WHAT YOU WILL DO: Omit the pictures, then reproduce exactly the line bearing "Cỏ sedum lục" and every line after it up to and including the last line of the entries below.

(Data records)
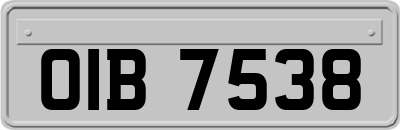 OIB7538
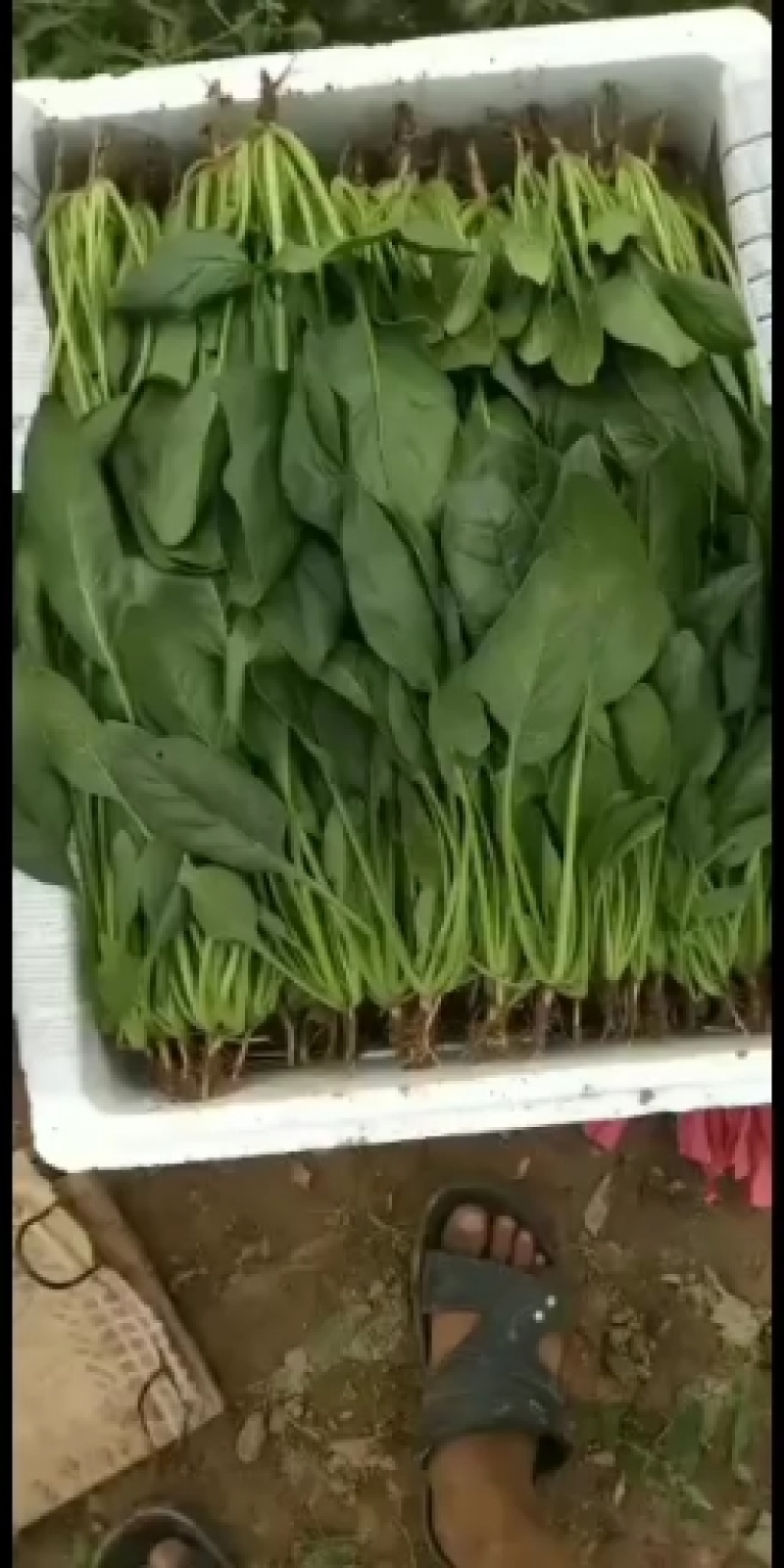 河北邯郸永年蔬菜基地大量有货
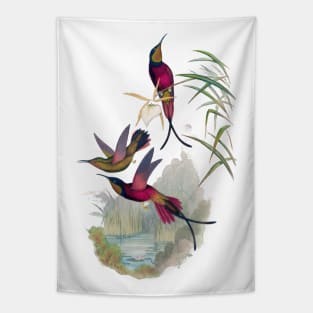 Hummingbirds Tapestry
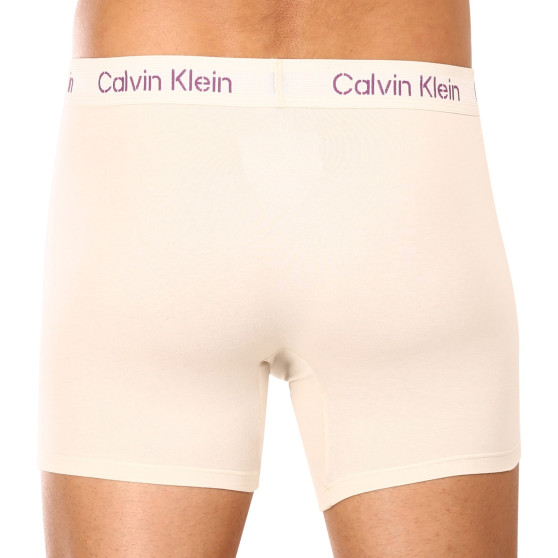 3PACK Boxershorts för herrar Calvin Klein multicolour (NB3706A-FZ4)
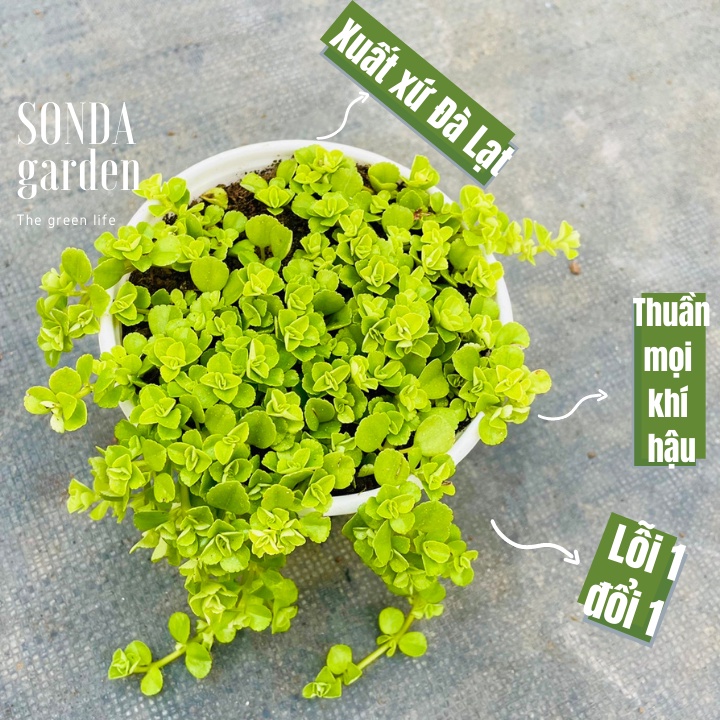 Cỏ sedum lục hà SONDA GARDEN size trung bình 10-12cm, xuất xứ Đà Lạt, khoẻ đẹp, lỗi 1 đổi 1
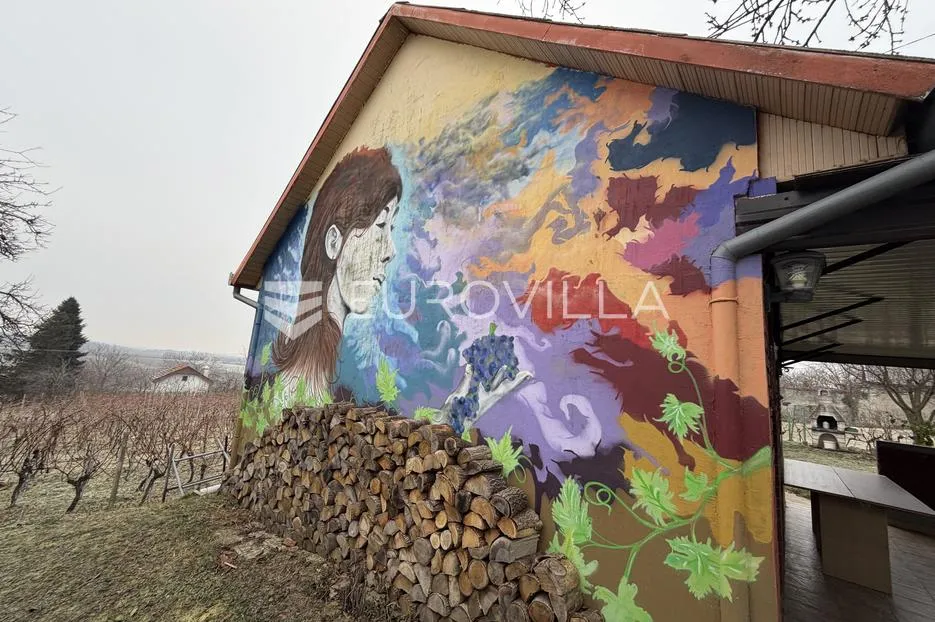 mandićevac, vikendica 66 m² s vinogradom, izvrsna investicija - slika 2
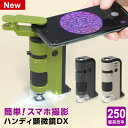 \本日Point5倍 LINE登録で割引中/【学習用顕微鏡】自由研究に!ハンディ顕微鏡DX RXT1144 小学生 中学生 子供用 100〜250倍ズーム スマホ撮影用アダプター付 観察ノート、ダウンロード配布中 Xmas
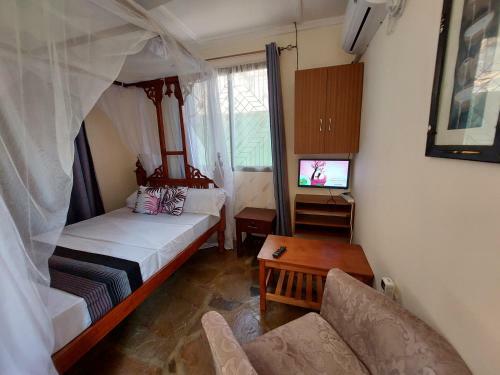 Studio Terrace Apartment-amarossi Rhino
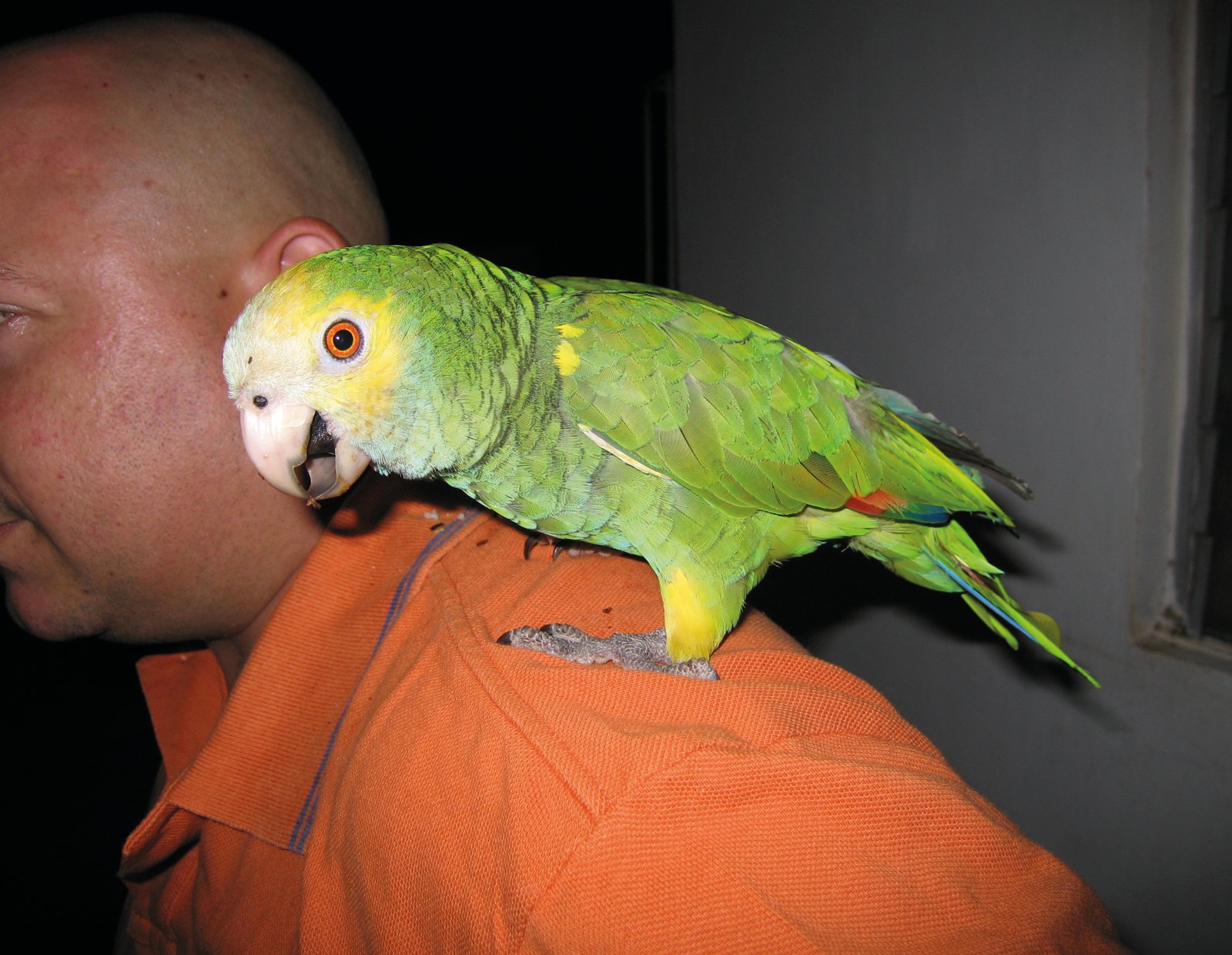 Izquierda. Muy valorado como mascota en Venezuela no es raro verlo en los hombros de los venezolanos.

SOLUTION TO THIS PROBLEM:
 Cỏ sedum lục hà SONDA GARDEN size trung bình 10-12cm, xuất xứ Đà Lạt, khoẻ đẹp, lỗi 1 đổi 1
 mandićevac, vikendica 66 m² s vinogradom, izvrsna investicija - slika 2
 \本日Point5倍 LINE登録で割引中/【学習用顕微鏡】自由研究に!ハンディ顕微鏡DX RXT1144 小学生 中学生 子供用 100〜250倍ズーム スマホ撮影用アダプター付 観察ノート、ダウンロード配布中 Xmas
 Studio Terrace Apartment-amarossi Rhino
 Izquierda. Muy valorado como mascota en Venezuela no es raro verlo en los hombros de los venezolanos.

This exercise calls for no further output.